Two international ecommerce leaders – Amazon and Alibaba. The American marketplace just completed 3 years in India. And the imminent entry of Chinese etailer Alibaba in 2016 has created a lot of buzz already. Both are vying for the biggest share of India’s online industry.
Bets are being placed on who’s going to be the winner – Jeff Bezos’ Amazon or Jack Ma’s Alibaba.
Old nemeses meet again
The rivalry dates back to 2004 when Amazon stepped in China unprepared and lost to Alibaba. Bezos’ company still has presence in the most populated country in the world but no point denying the fact that Jack Ma rules its ecommerce industry.

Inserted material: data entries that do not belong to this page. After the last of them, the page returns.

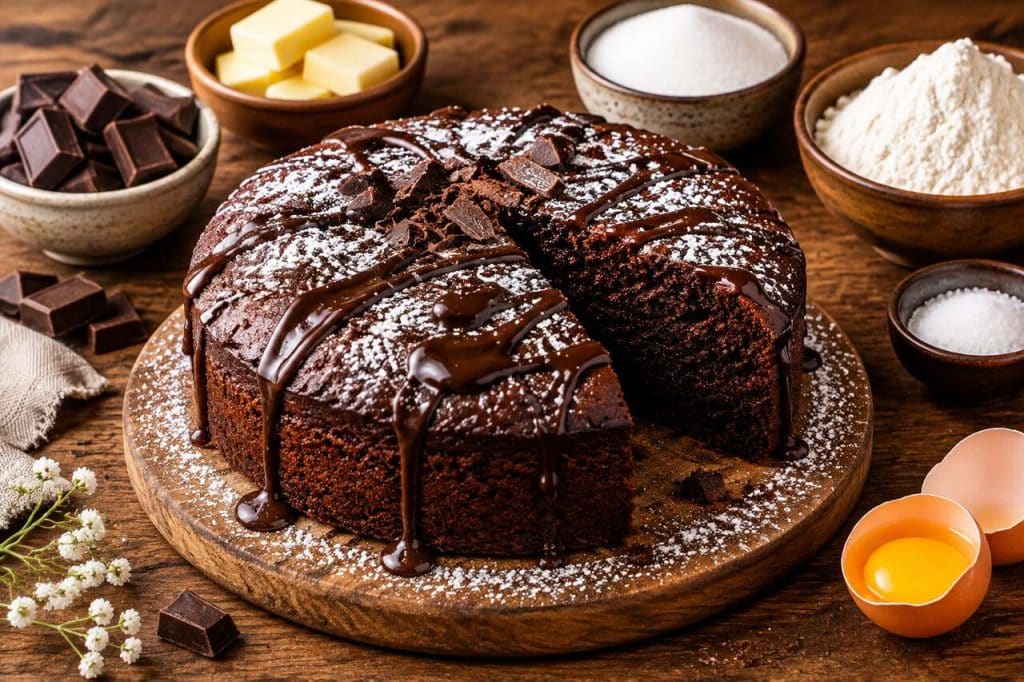 Gâteau moelleux au chocolat cuit au micro-ondes : la recette express et gourmande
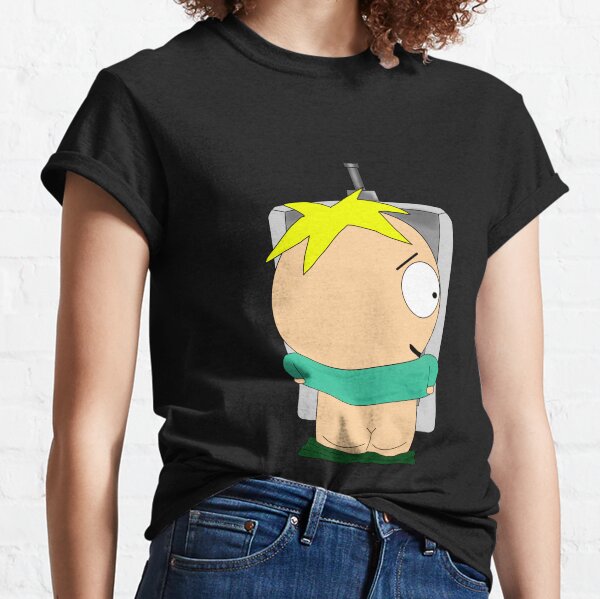 South Park Butters Weiners Out Adult Short Sleeve T-Shirt – South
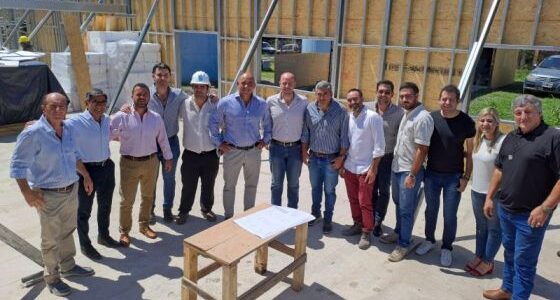 La Provincia y Aguas del Norte construyen una fábrica envasadora de agua para atender las demandas de la comunidad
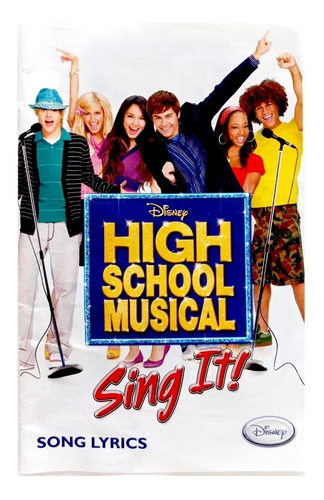 High School Musical Sing It! Nintendo Wii (Reacondicionado)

Amazon’s clear and straightforward strategy
The company has been operating independently as an online marketplace since 2013 and in these 3 years, they have steadily worked towards building a self-sustainable ecommerce model.

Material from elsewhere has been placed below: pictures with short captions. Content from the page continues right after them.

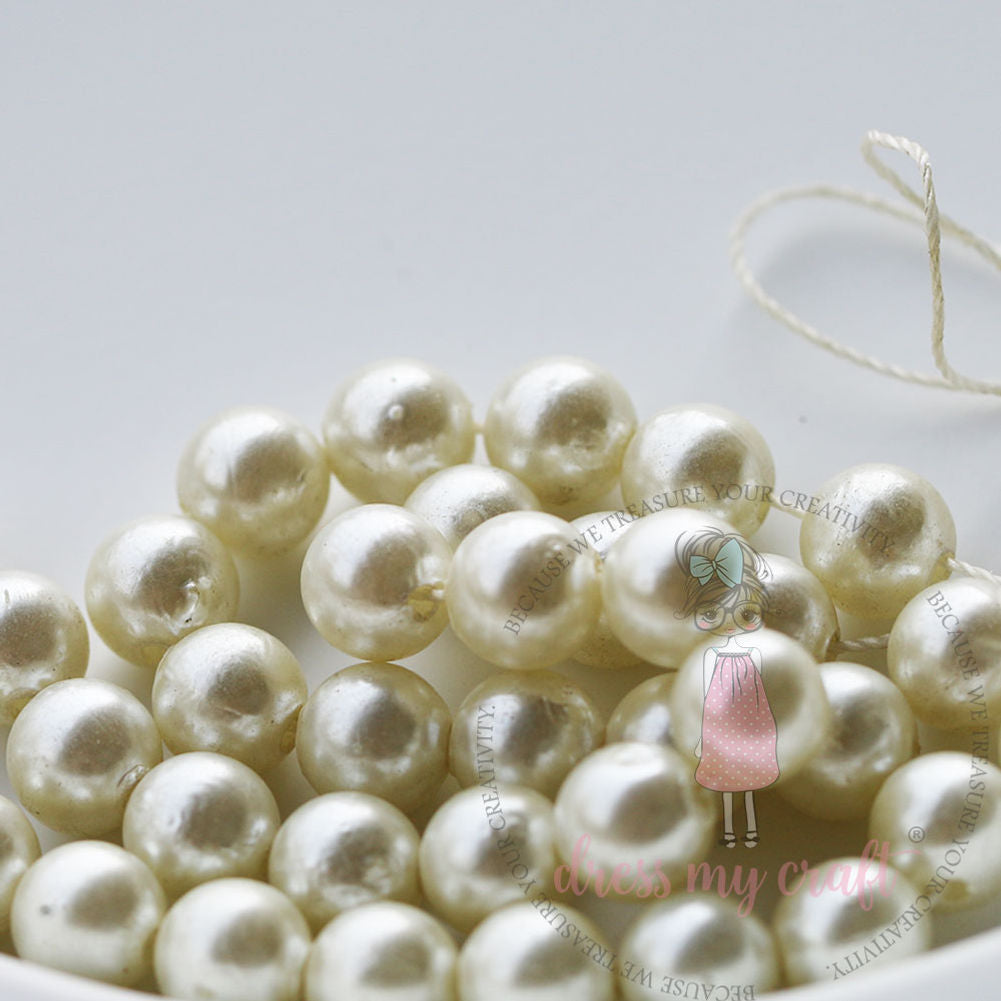 Pearl Beads - 8 mm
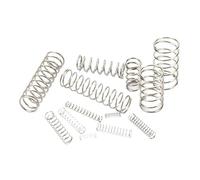 Resorte de compresión de acero inoxidable 304, pieza industrial con opción de diámetro exterior de alambre de 2,0mm, 12-30mm(50mm 2pcs,18mm)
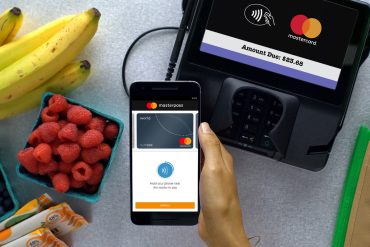 Concept image of personalized offers linked to Mastercard payments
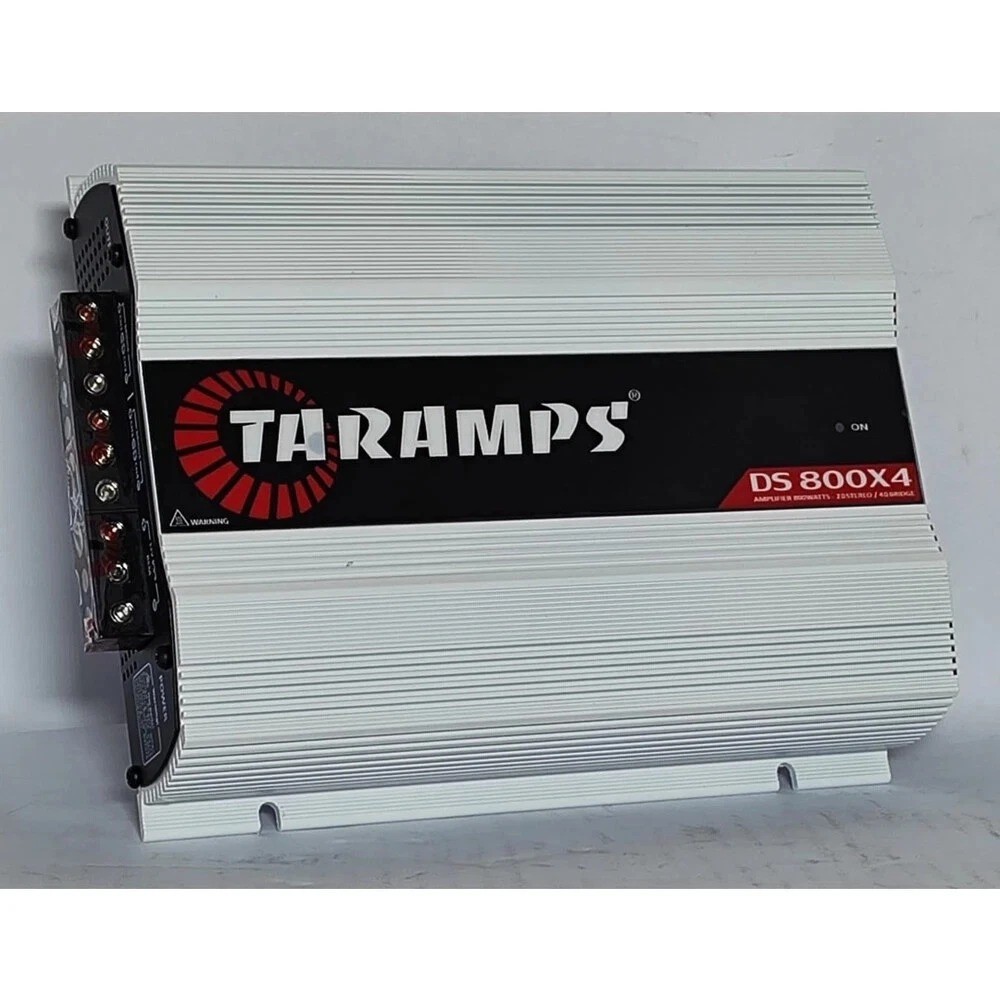 TARAMPS DS 800X4 アンプ12/24までの値段！ TARAMPS DS 800X4 アンプ12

Bezos recently invested a whopping $3 billion into its Indian arm, which may be utilized for sprucing up logistics and supply chain. From localization, seller initiatives, customer-centric approach, massive warehouses, logistics, Amazon India has invested its funds in all corners. This enabled them to scale up faster than expected and shake up the Indian ecommerce industry.
Alibaba’s strategy is as complicated as a spider’s web
While Amazon has been flying solo, Alibaba has followed an indirect market entry strategy so far.
The Chinese etailer is the strongest supporter of Paytm. It has invested in Snapdeal too. And there were reports about Alibaba backing Flipkart and partnering with Tata Group as well. Now they are all set to enter directly.
What about Indian etailers?
With all eyes on Amazon and Alibaba, we can’t help but wonder that how does the future look like for homegrown etailers Flipkart and Snapdeal. Can the local players defeat international titans? Or will India’s ecommerce industry be run by these two global giants in the years to come?
After all, Amazon is already way ahead of Alibaba in India and other etailers Flipkart and Snapdeal are going through a funding crunch. What can stop them from coming together even if it is a temporary arrangement? It sounds plausible, isn’t it?